The refined estimate for third-quarter GDP growth showed a slight adjustment, with quarter-on-quarter growth revised up by 0.1pp to 0.4%. However, this was offset by a minor downward revision to the second-quarter data. The annual growth rate of 1.3% for the third quarter remained unchanged. Today's figures confirm the gradual recovery underway in the Czech economy. A 0.4% growth rate could be seen as relatively favorable, particularly given the subdued conditions in Germany, which continue to constrain the Czech economy.

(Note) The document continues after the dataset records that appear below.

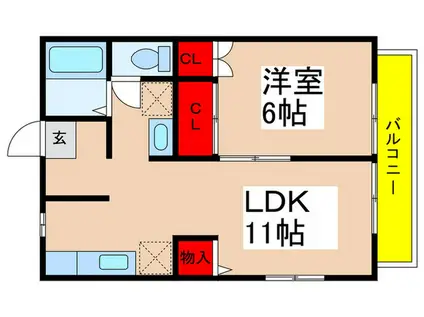 ベルグランK(1LDK/2階)の間取り写真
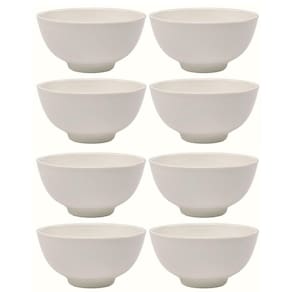 Jogo 8 Tigelas Cumbuca Porcelana Clean Branca 350ml 16cm x 7cm - Lyor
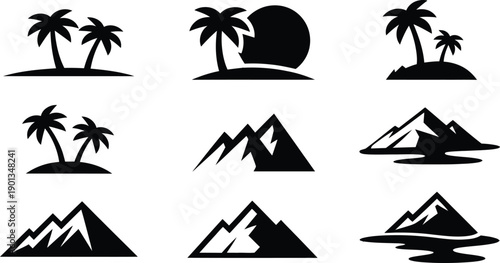 Set of Black Minimalist Nature Silhouettes Featuring Tropical Palm Islands Sunsets and Rugged Mountain Peaks for Outdoors Adventure Branding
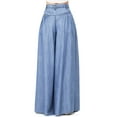 thumbnail image 3 of Vibrant Women's Juniors High Rise Super Wide Leg Chambray Pants (S, Denim), 3 of 5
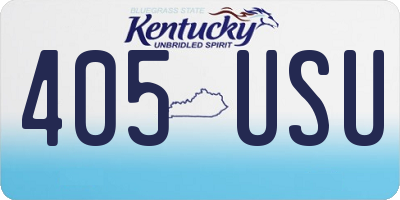 KY license plate 405USU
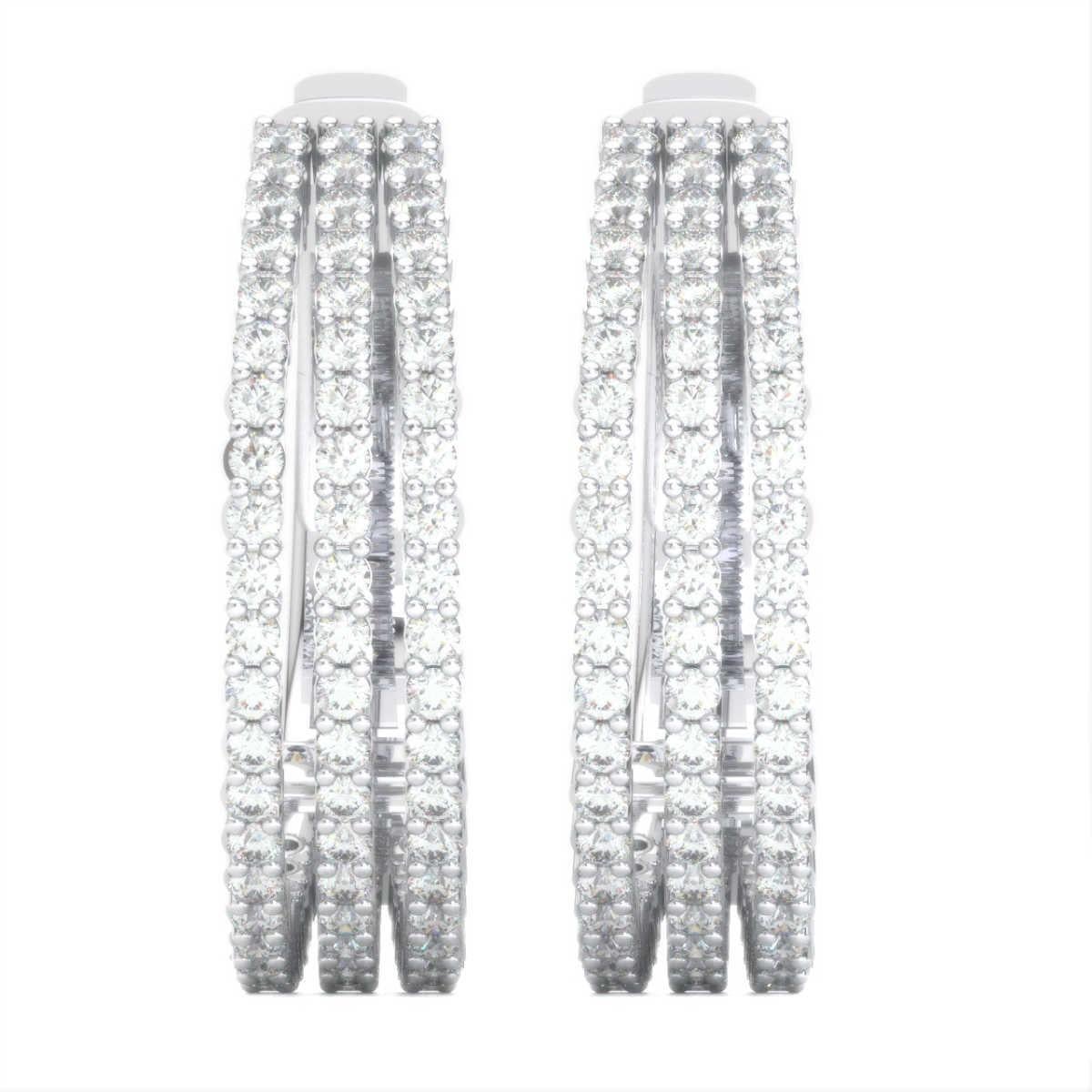 Round Cut 18 Karat White Gold Three-Row Hoop Diamond Earrings '1 1/2 Carat' For Sale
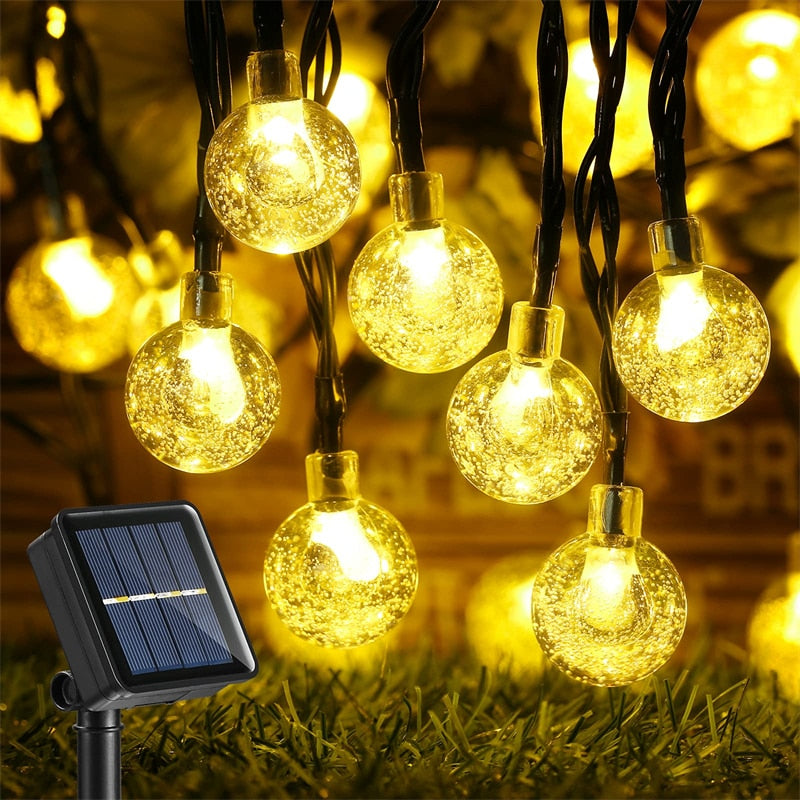 Outdoor Solar String Light 60 LED 8 Modes Crystal Ball/Star Lights Waterproof Solar Powered Twinkle Decor Lamp for Party Patio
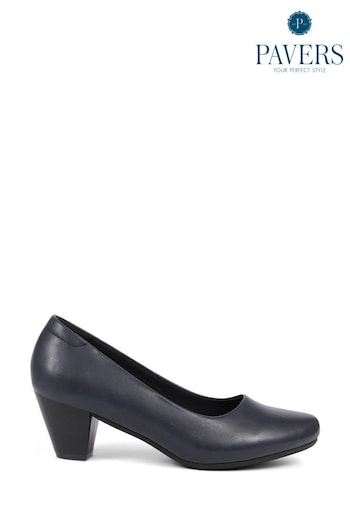 Pavers Blue Heeled Court Shoes (E04524) | £35
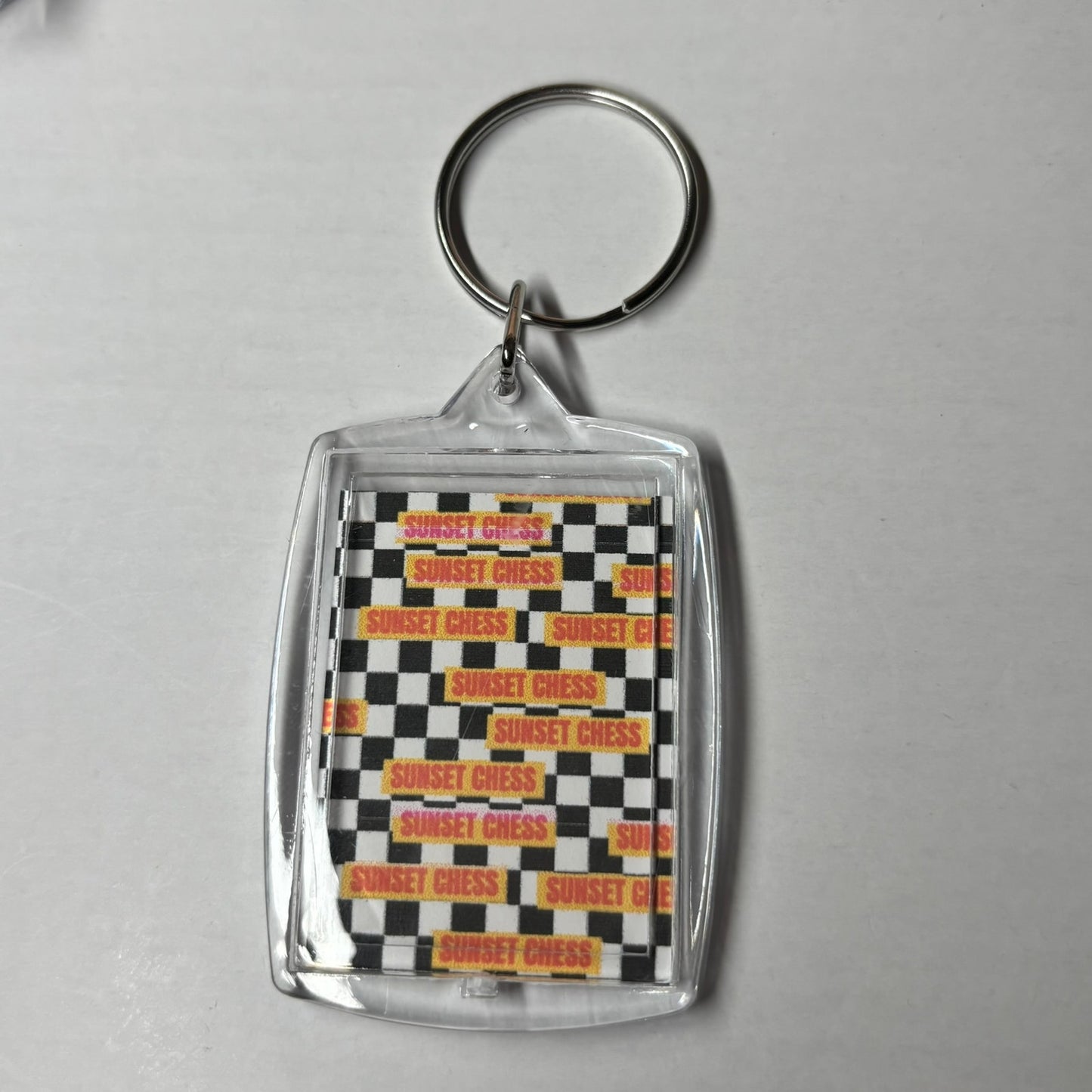 The Crazy Place - Sunset Chess Photo Keychain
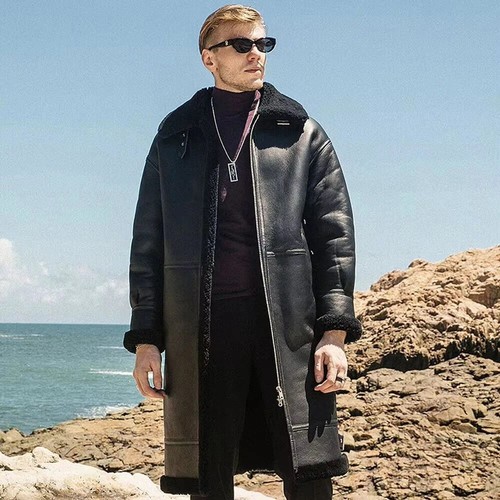 Men black shearling jacket - men's,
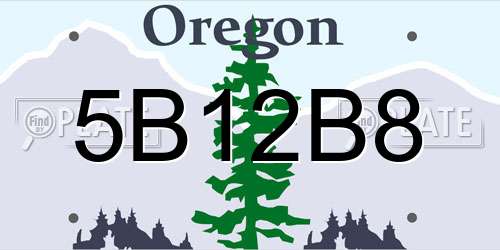 5B12B8 Oregon License Plate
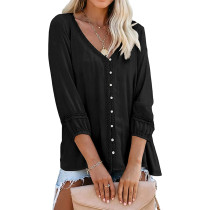 Black Hollow-out V Neck Button Long Sleeve Tops TQK210855-2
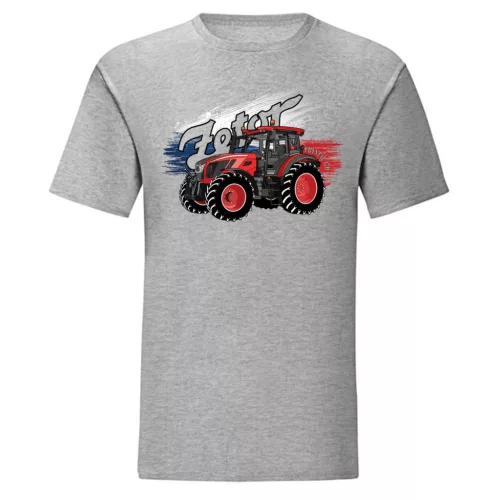 sivá tričko s motívom traktora zetor c. 170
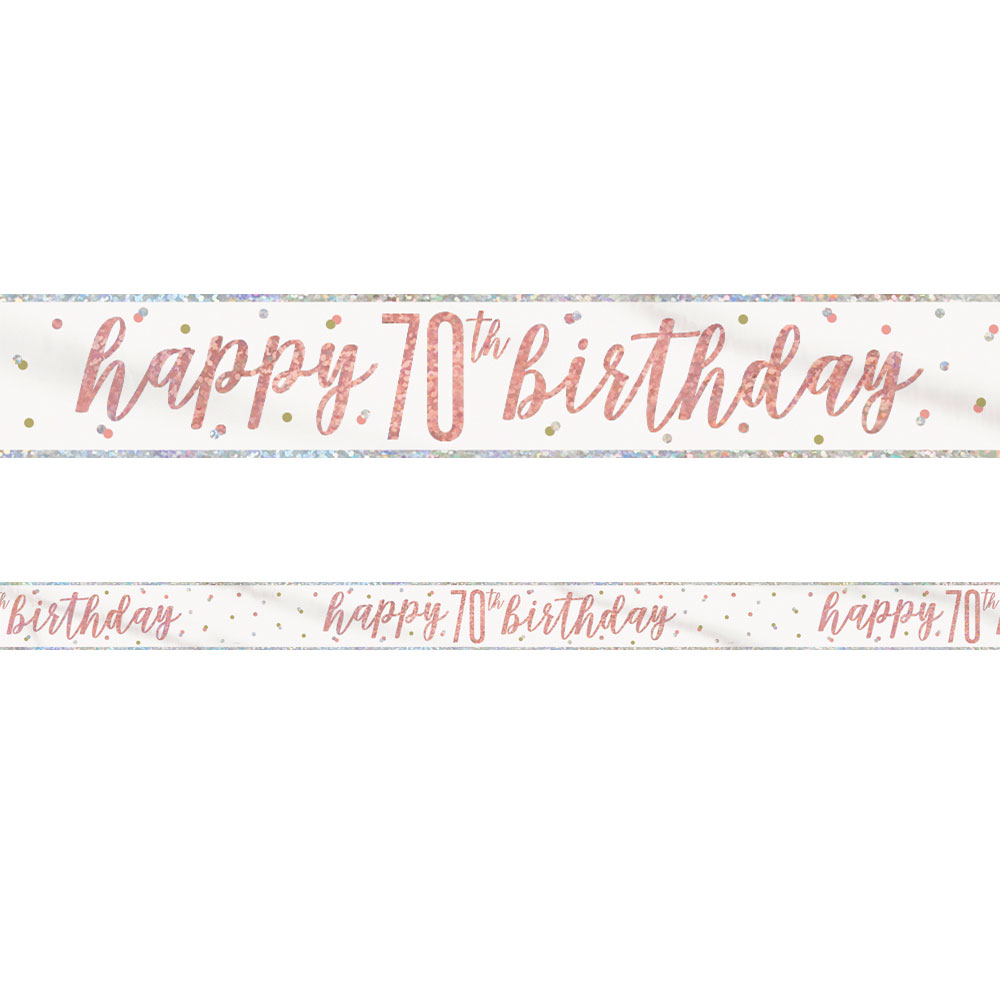 Läs mer om Happy 70th Birthday Banderoll Vit & Roséguld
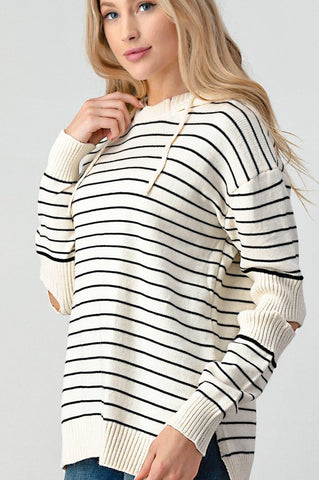 Olivia Striped Cutout Slit Sweater - SwagglyLife Home & Fashion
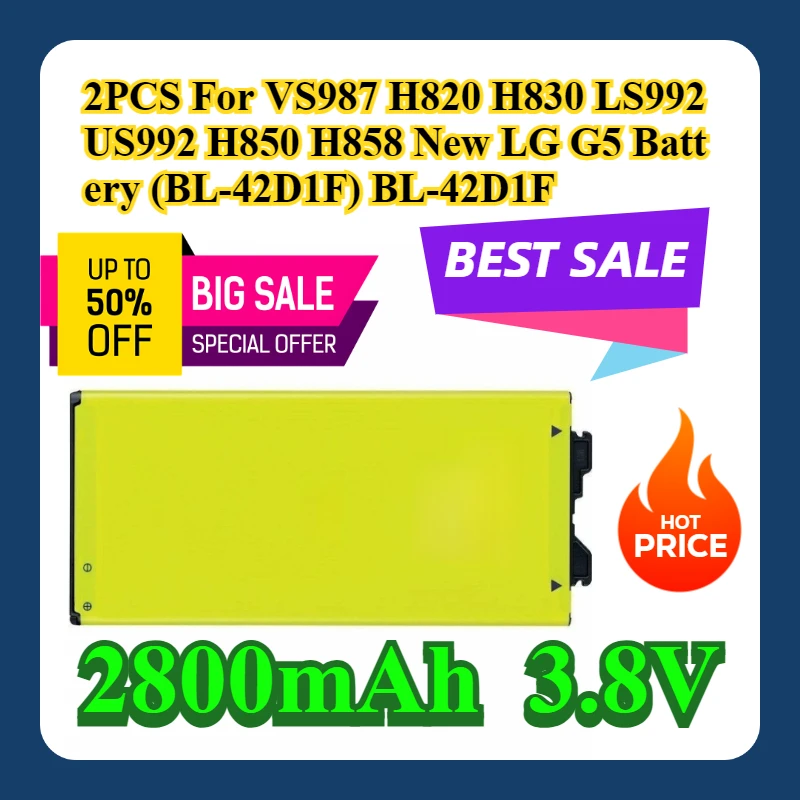 

2PCS For VS987 H820 H830 LS992 US992 H850 H858 New LG G5 Battery (BL-42D1F) BL-42D1F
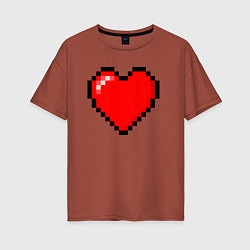 Женская футболка оверсайз Пиксельное сердце-здоровье - Красный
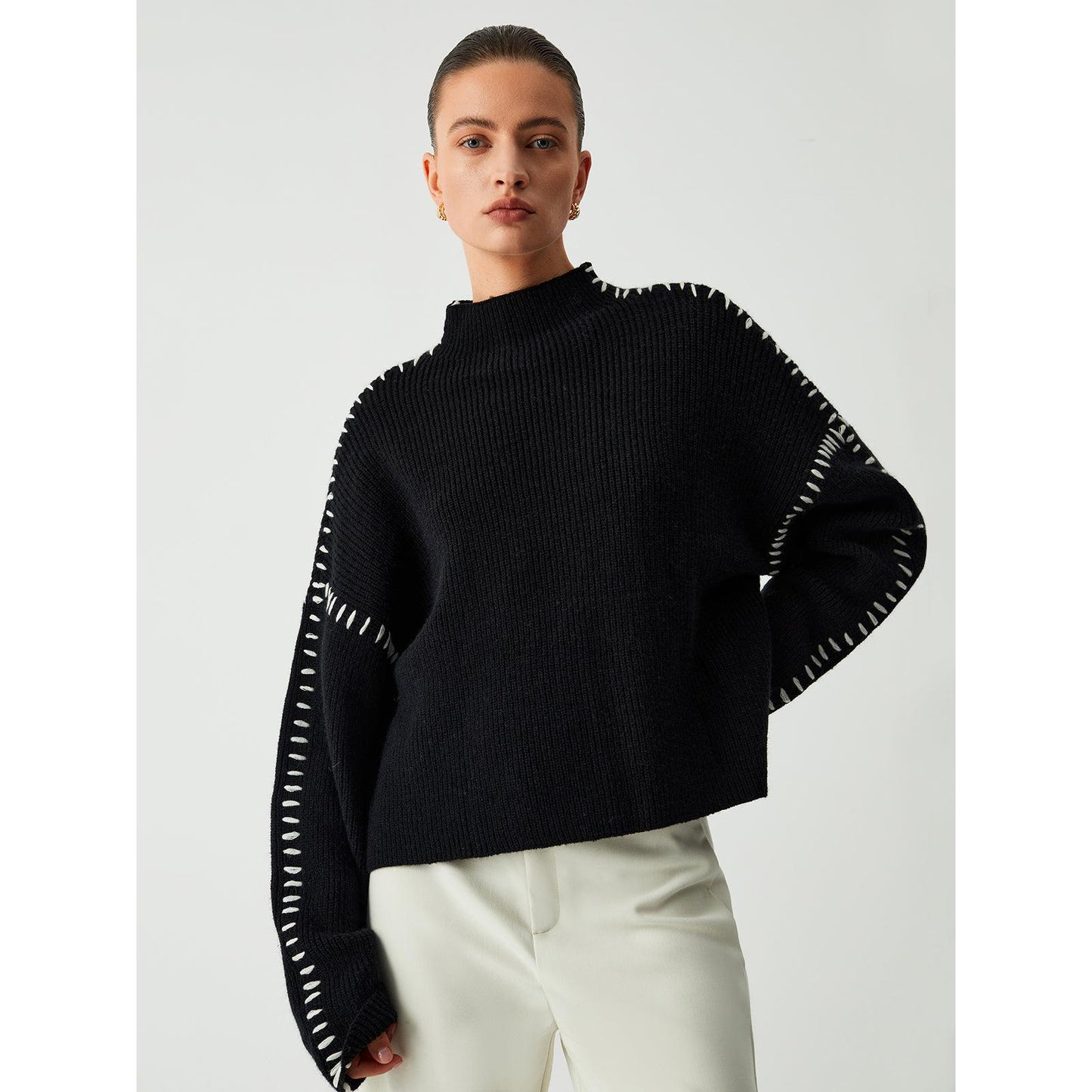 Helga - Schwarzer Strickpullover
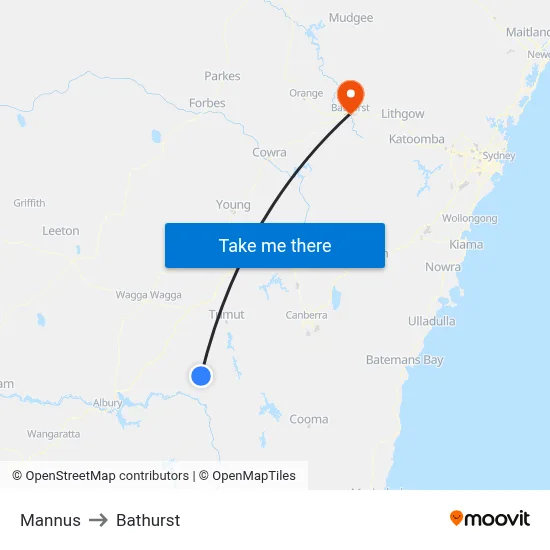 Mannus to Bathurst map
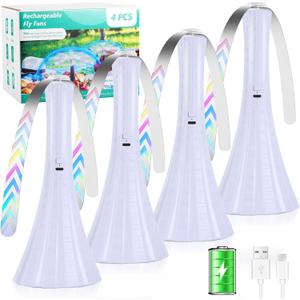Fly Fans for Tables Rechargeable, Flies Fan to Keep Flies Away by Soft Blades, Food Fans for Camping, Picnic, Fishing, 4PCS, WhiteParty Essentials Picnic Accessories for Outside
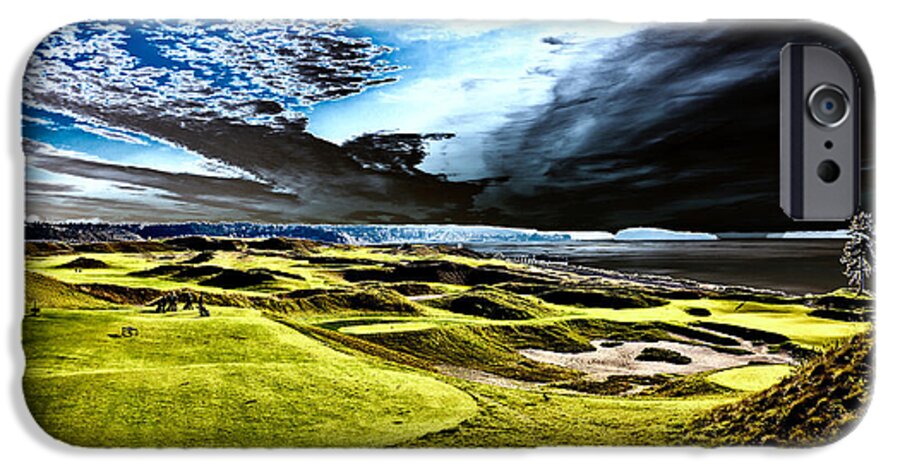 A Dramatic View On Hole 15 - Chambers Bay iPhone 6 Case featuring the photograph A Dramatic View on Hole 15 - Chambers Bay by David Patterson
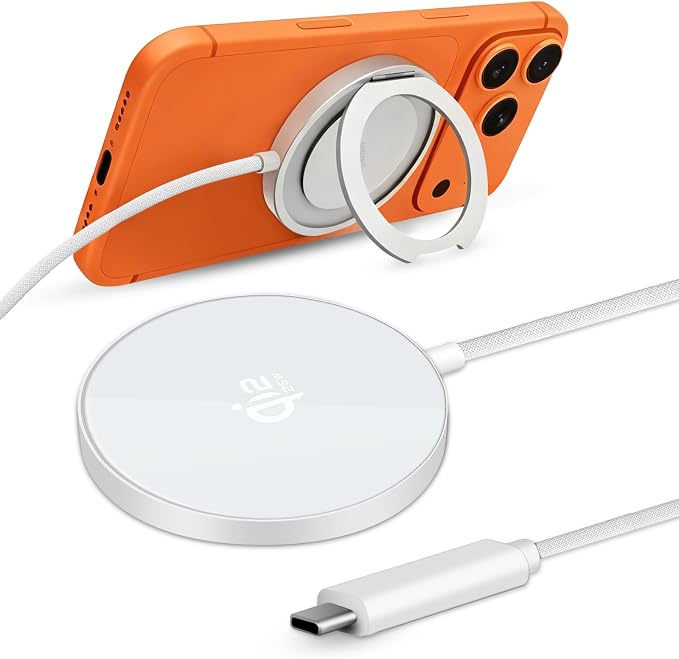 MagSafe Charger 25W Magnetic Wireless Charger Fast Charging Pad with Folding Stand Compatible with iPhone 17/16/15/14/13/12 Series & AirPods 4/3/2/Pro Magnetic MagSafe Charging Pad-No Adapters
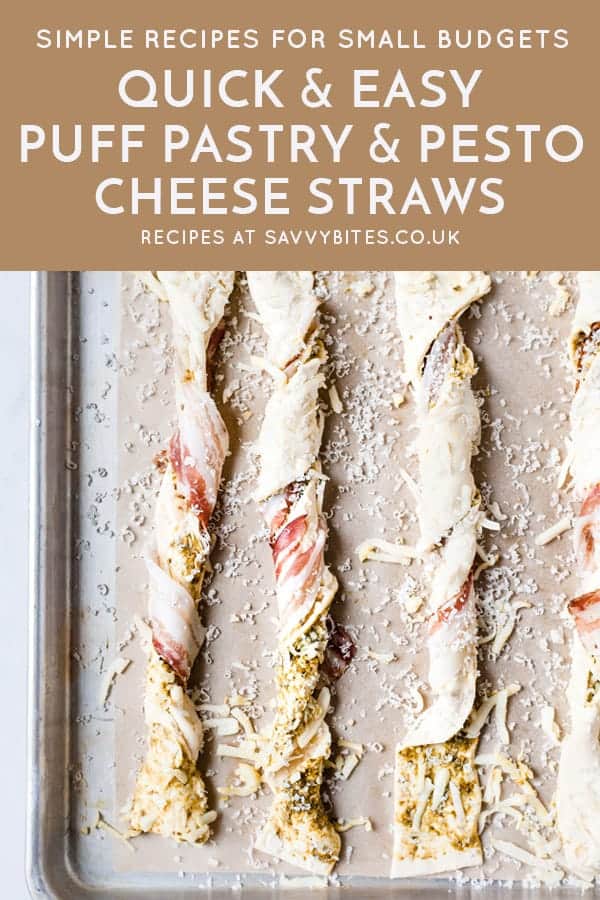 Unbaked Puff pastry cheese straws with text overlay.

The first estimate of GDP components was released today, aligning with previous trends and leaving the overall narrative largely unchanged. Growth is primarily driven by household consumption, bolstered by falling inflation, real wage growth, and improved sentiment. Government consumption and foreign trade also contribute positively. However, the (positive) contribution from foreign trade has recently declined, reflecting weak demand from Germany and a recovery in imports for consumption. Additionally, inventories, which have been excessively accumulated in recent years and are gradually declining this year despite quarter-on-quarter volatility, are still exerting a significant negative impact.

We anticipate GDP growth of approximately 1% this year. The risks are balanced, with ongoing weak performance in Germany on one side and the potential for stronger investment, particularly related to flood repairs, on the other. A more significant acceleration in the growth of the Czech economy is anticipated next year (2.3%), alongside an improvement in external demand.

The situation in the US, particularly the potential introduction or increase of tariffs on European exports, poses a significant risk. This could extend to automobiles, significantly impacting Czech industry. This risk could reduce Czech GDP growth by about half a percentage point, bringing it down to 1.7-1.8% from 2.3%, in our view. However, the actual impact will depend on the level and scope of the tariffs.

Today's data are unlikely to significantly impact the CNB's monetary policy, as they did not present any major surprises.

We anticipate the CNB rates to remain stable in December, though the overall situation remains highly uncertain. The final decision may be influenced by the ECB meeting on December 12, initial signals regarding the new US administration's plans, the development of the koruna, and the November inflation figure. If the koruna remains weak and November inflation rises to 3%, as we expect, the likelihood of maintaining steady rates would increase. The market is also now leaning towards rate stability.

Currently, we do not foresee the next rate cut until the May meeting, while the market anticipates February. Overall, we expect only very gradual rate cuts towards the 3% level over the next two years.